● Source data

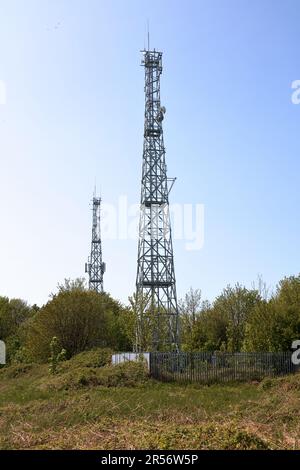 Due torri di comunicazione radio si trovavano sulla cima di una collina, offrendo una buona visuale con molti altri alberi simili più lontani Foto Stock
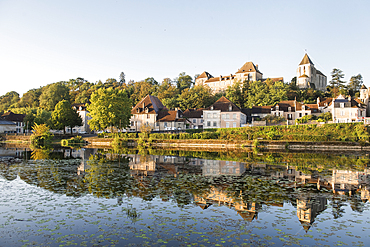 Bank of the river La Creuse in Le Blanc, Department of Indre, Historic Province of Berry, Centre-Val de Loire region,France
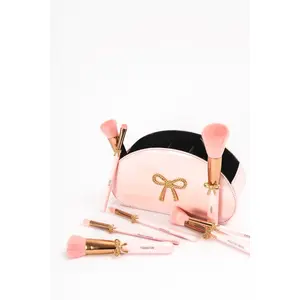 PEARLIZED PINK/BOW SET Glitz & Glam | 9pc Essentials Collection Brush Set | GG4380 PEARLIZED PINK/BOW SET Glitz & Glam | 9pc Essentials Collection Brush Set | GG4380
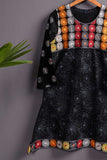 Cambric Printed & Embroidered Kurti - Sun Flower (P-223-19-BLK)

● What to produce
Repeat the listing verbatim without its pictures.

● Response area
 Due torri di comunicazione radio si trovavano sulla cima di una collina, offrendo una buona visuale con molti altri alberi simili più lontani Foto Stock
 Bank of the river La Creuse in Le Blanc, Department of Indre, Historic Province of Berry, Centre-Val de Loire region,France
 PEARLIZED PINK/BOW SET Glitz & Glam | 9pc Essentials Collection Brush Set | GG4380 PEARLIZED PINK/BOW SET Glitz & Glam | 9pc Essentials Collection Brush Set | GG4380
 Cambric Printed & Embroidered Kurti - Sun Flower (P-223-19-BLK)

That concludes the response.